I would expect Wolves to look for easy prey when they can find it. They are alpha predators. People who live where Wolves exist should be aware of what can happen to pets and livestock left unprotected, and see that they are not left unprotected. Yotes often nab pet dogs and cats, and are much more prevalent than Wolves. Many people mistake Yotes for Wolves because they just don't make it a point to understand the difference. 
Wolves are native to MI, and were forced to the brink of extinction in our State by over hunting. People grew up without them being around, and now must adjust to existing with them. There is enough room for for humans and Wolves in our State. Plenty of deer to go around.


----------



## Robert Holmes (Oct 13, 2008)

When I moved to the Upper Penninsula from Saginaw a little over 20 years ago it was pretty easy to live with the wolves in the Upper Penninsula because their numbers were few. Now that there is probably well over 1000 wolves in the UP and growing you know every time that you exit your vehicle in a wooded area to be watching out. For those who have seen and confronted wolves and coyotes it is difficult to confuse the two of them. I do not carry a firearm in the woods all of the time but have considered doing so. I have never been attacked and I assume that I never will be attacked by wolves. I am sure that the woman who was attacked in her driveway felt the same way. I have had the oportunity to see enough wolves in the UP to know that they are not afraid of people. That is the easiest way to tell a wolf from a coyote....the coyote runs


----------



## maroon89 (Feb 23, 2007)

I live in the southern portion of the UP in Menominee County and our wolf sightings have increased drastically the past few years. I posted an article awhile back that depicted a person in the Escanaba area being treed by an aggressive wolf.


----------



## Robert Holmes (Oct 13, 2008)

The above post comments that there are plenty of deer. Right now there are a few deer left in the UP not as many as the DNR wishes that there were. These wolves have had it pretty easy the last few years because there were alot of deer. Now that they actually have to hunt for food in the winter what will they be killing? After all they are opportunistic killers.
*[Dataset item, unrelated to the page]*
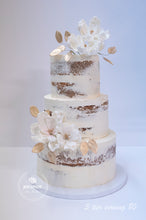 Load image into Gallery viewer, Semi Naked Wedding Cake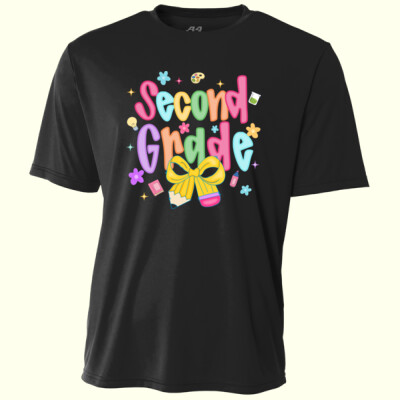 Second Grade Bow 89-014 - Adult Cooling Performance Short Sleeve Tee Thumbnail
I am sure that those living in the UP can rest assured that there will be more attacks on pets, farm animals, and possibly humans in the future.


----------



## Lucky Dog (Jul 4, 2004)

Gee, I thought I was going to see a video where there was some real evidence that a woman was "circled" and "harassed" by wolves.


----------



## WAUB-MUKWA (Dec 13, 2003)

Lucky Dog said:


> Gee, I thought I was going to see a video where there was some real evidence that a woman was "circled" and "harassed" by wolves.


As of now the wolves haven't figured out how to use a video camera, but maybe in a few years they might be able to. They are still content to chasing calves and eating pets for now. Whatcha want? CSI?


----------



## Robert Holmes (Oct 13, 2008)

Lucky Dog said:


> Gee, I thought I was going to see a video where there was some real evidence that a woman was "circled" and "harassed" by wolves.


 Lets see I am halfway up my driveway which is probably a half mile or so long. I am ass deep in snow and I am being attacked by wolves now where did I put the video camera? I would be more concerned with where is the nearest firearm. OOOOh Yea those fanged critters that are about to bite me are protected, better not shoot one. It might just tick off a PETA member living in LA or southern Michigan. They will circle you, I have experienced that a few times but they have kept their distance.


----------



## Lucky Dog (Jul 4, 2004)

WAUB-MUKWA said:


> As of now the wolves haven't figured out how to use a video camera, but maybe in a few years they might be able to. They are still content to chasing calves and eating pets for now. Whatcha want? CSI?





Robert Holmes said:


> Lets see I am halfway up my driveway which is probably a half mile or so long. I am ass deep in snow and I am being attacked by wolves now where did I put the video camera? I would be more concerned with where is the nearest firearm. OOOOh Yea those fanged critters that are about to bite me are protected, better not shoot one. It might just tick off a PETA member living in LA or southern Michigan. They will circle you, I have experienced that a few times but they have kept their distance.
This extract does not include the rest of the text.